In provincia di Trapani sono 83.484 gli elettori chiamati alle urne per le elezioni amministrative di domenica e lunedì, con il voto di Marsala che pesa in modo determinante sul totale provinciale. Di questi, 68.320 sono gli iscritti nelle liste di Marsala, 11.358 a Campobello di Mazara e 3.806 a Gibellina. Tre comuni diversi, tre sfide politiche tutte aperte e c’è attesa per i risultati.

A Marsala, il Comune con il maggior peso demografico ed elettorale del Trapanese, si giocano le sorti di un’intera città. La competizione è strutturata secondo il sistema maggioritario con eventuali elezioni di secondo turno il 7 e 8 giugno.
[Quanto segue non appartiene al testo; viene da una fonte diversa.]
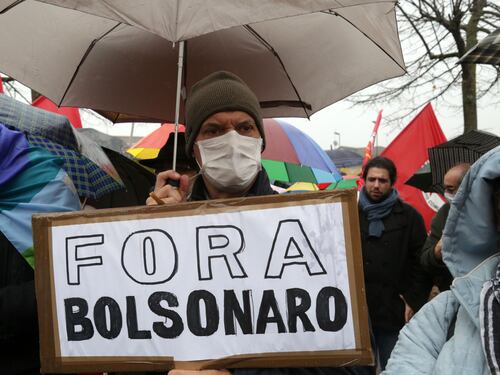 Bolsonaro "torna" in Veneto. Contestato dai centri sociali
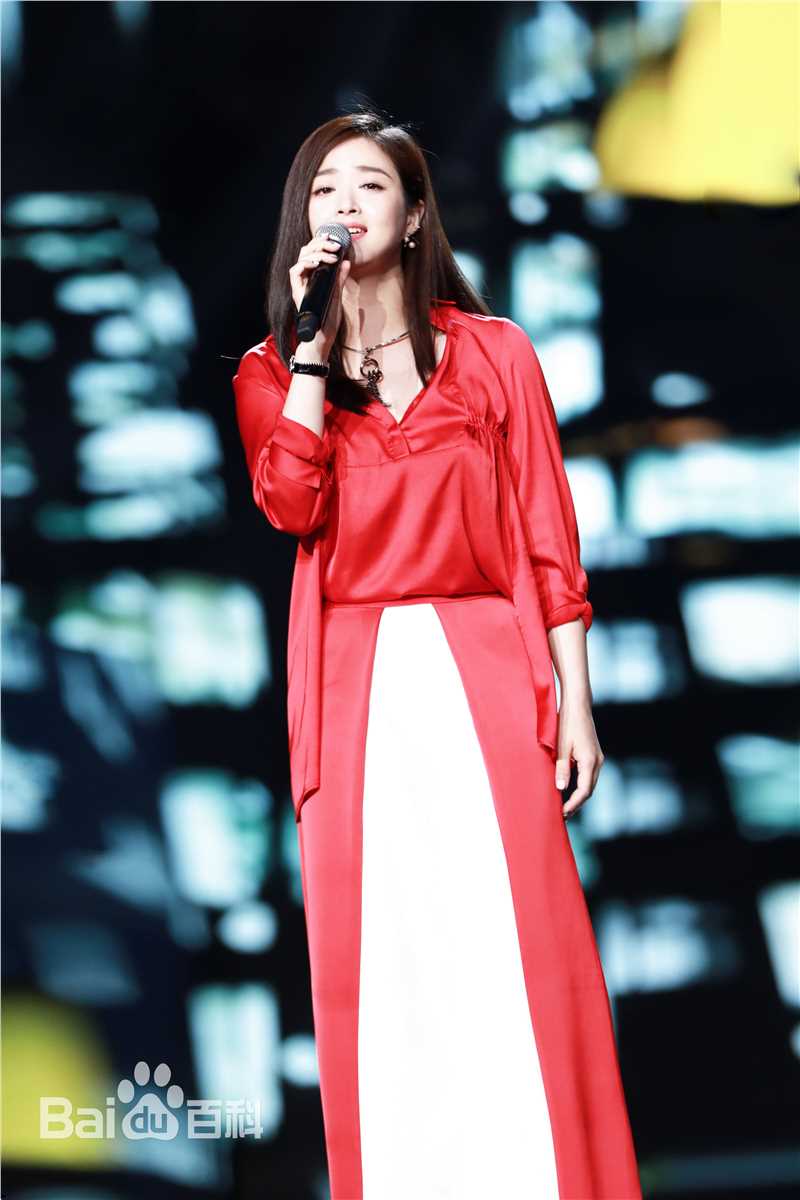 精选蒋欣(Rulu)在《欢乐颂2》开播盛典中的图册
In corsa per la fascia tricolore ci sono quattro candidati sindaco: l’uscente Massimo Grillo, Andreana Patti sostenuta da un polo di centrosinistra e civiche, Giulia Adamo schierata dal centro-destra e Leonardo Curatolo, imprenditore marsalese che punta su un progetto civico “fuori dagli schemi”. Centinaia sono i candidati al Consiglio.

A Campobello di Mazara, seconda dimensione elettorale della provincia coinvolta, votano 11.358 cittadini chiamati a scegliere il nuovo sindaco e il Consiglio comunale in un clima di forte confronto tra ex sindaci e nuove formazioni civiche. I candidati sono tre: il presidente del Consiglio uscente Piero Di Stefano, l’imprenditrice Gioacchina Catanzaro, a capo di un fronte centrista e civico, e l’ex sindaco Daniele Mangiaracina, che torna alla carica dopo anni di pausa.